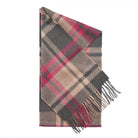 Tartan Weaving Mill 100% Pure Cashmere Scarf - Made in Scotland - Amplified Ruby - Heritage Of Scotland -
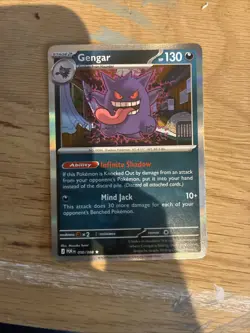 Pokemon TCG Perfect Order Gengar 050 /088 Holo Rare Card - Image 1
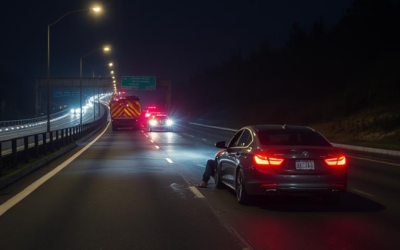 Two people hospitalized with minor injuries after crash on Highway 417 in Ottawa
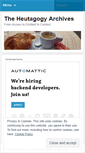 Mobile Screenshot of heutagogicarchive.wordpress.com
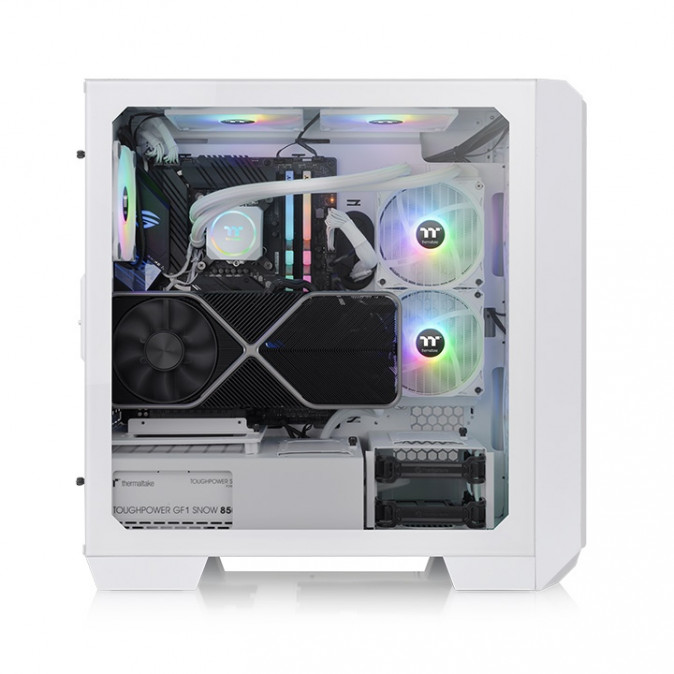 Thermaltake View 300 MX Snow táp nélküli ablakos Mid Tower számítógépház fehér PC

» What the task asks
Send back the data above verbatim, leaving out its pictures.

» Written response
 Tartan Weaving Mill 100% Pure Cashmere Scarf - Made in Scotland - Amplified Ruby - Heritage Of Scotland -
 Pokemon TCG Perfect Order Gengar 050 /088 Holo Rare Card - Image 1
 Two people hospitalized with minor injuries after crash on Highway 417 in Ottawa
 Mobile Screenshot of heutagogicarchive.wordpress.com
 Thermaltake View 300 MX Snow táp nélküli ablakos Mid Tower számítógépház fehér PC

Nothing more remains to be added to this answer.